NCT number NCT03801187
Other study ID # peri-implant surgical-1
Secondary ID
Status Recruiting
Phase N/A
First received
Last updated
Start date July 2, 2018
Est. completion date December 31, 2021

Study information

Verified date November 2020
Source Università Vita-Salute San Raffaele
Contact Marco Clementini
Phone 0226432806
Email mclementini@me.com
Is FDA regulated No
Health authority
Study type Interventional

Clinical Trial Summary

Peri-implant diseases are common post-restorative complications in implant rehabilitations and they occur with an incidence of 12-43%. Based on the available data in literature, the surgical therapy for peri-implantitis is effective in disease resolution. Surgical access to peri-implant lesions facilitates the removal of all granulation tissue from the defect area as well as debridement and decontamination of the exposed implant surface defect area. Different techniques have been used for implant surface decontamination during peri-implant surgery, including mechanical, chemical and laser treatments.


Description:

Peri-implantitis are defined as inflammatory diseases caused by bacterial biofilm around implant surface characterized by bleeding on probing, probing depth and eventually bone loss; if not successfully treated they may lead to implant loss. Based on the available parameters that have been reported in literature non surgical therapy doesn't seem to be effective on peri-implantitis. Therefore it is recommended to consider advanced therapies such as surgical interventions when non surgical peri-implant therapy fails to achieve significant improvements in clinical parameters. Numerous approaches have been used for implant surface decontamination during peri-implant surgery, including mechanical, chemical and laser treatments. Conventional mechanical means don't seem to be effective on peri-implant diseases. In addition, the rough implant surface is a retentive factor for bacterial colonization and therefore makes implant surface difficult to debride. A treatment protocol that may offer an advantage over traditional mechanical treatment includes the use of laser therapy and air-powder devices. Data have shown that treatments with Er.Yag laser have a bactericidal effect and are safe and effective on implant surfaces.
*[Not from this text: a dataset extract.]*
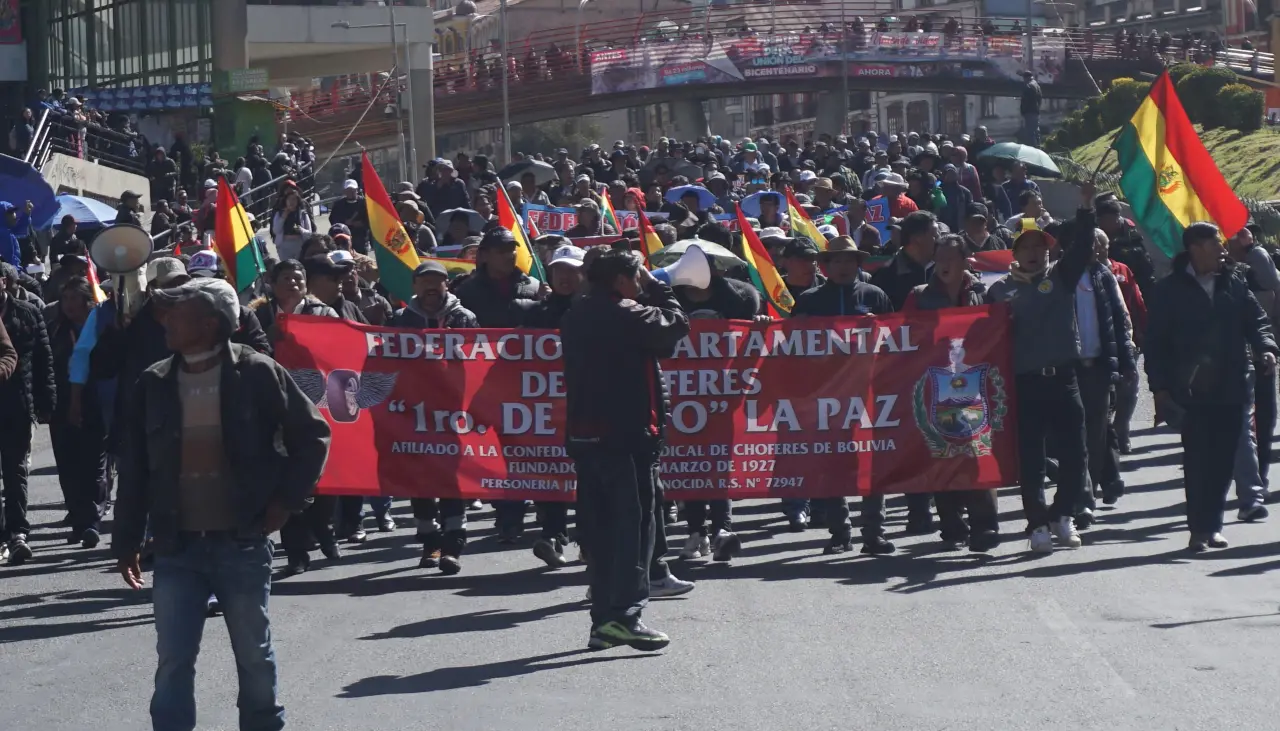 Tras marcha que colapsó La Paz, choferes descartan paro y determinan no pagar peajes e iniciar huelga de hambre 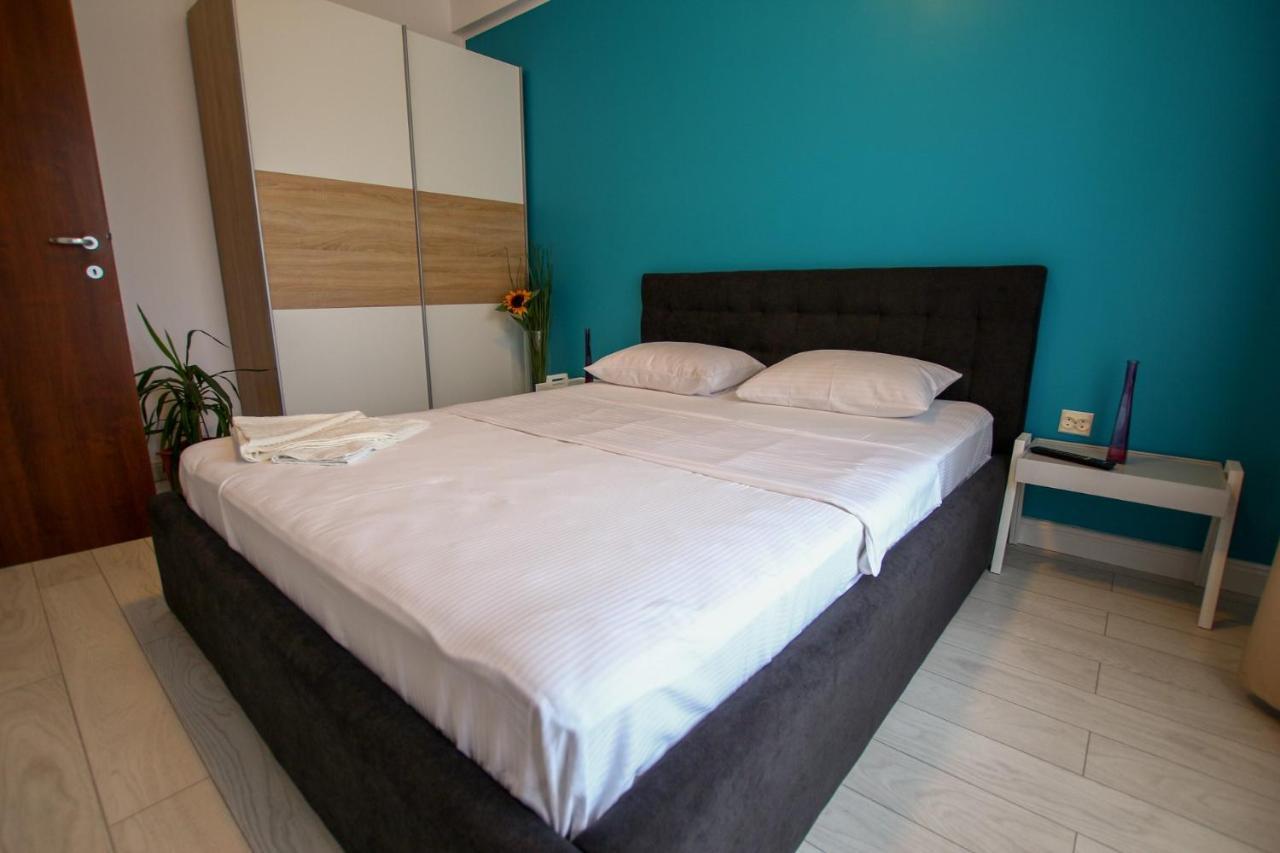 Fratelli Apartments Summerland Mamaia Extérieur photo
Slightly better clinical results in terms of debridement, probing depth, bleeding on probing and clinical attachment level have been reported by Er:Yag laser treatment compared with traditional non surgical mechanical debridement with titanium curettes and pellet with saline in the surgical treatment of peri-implantitis. The air abrasive method for debridement has also been used on implant surfaces demonstrating no relevant adverse effect. Until now, powders based on sodium bicarbonate and glycine have been used with pressured air/water. Nowadays a less abrasive method involves the use of erythritol powder. The aim of the present randomized controlled clinical trial is to assess the efficacy in improving clinical parameters of two further methods of implant decontamination (er:Yag laser or air-abrasive device) after chemical treatment and chemical cleaning during surgical treatment of peri-implantitis in addition to chlorhexidine in horizontal defects with keratinised tissue around implant surfaces.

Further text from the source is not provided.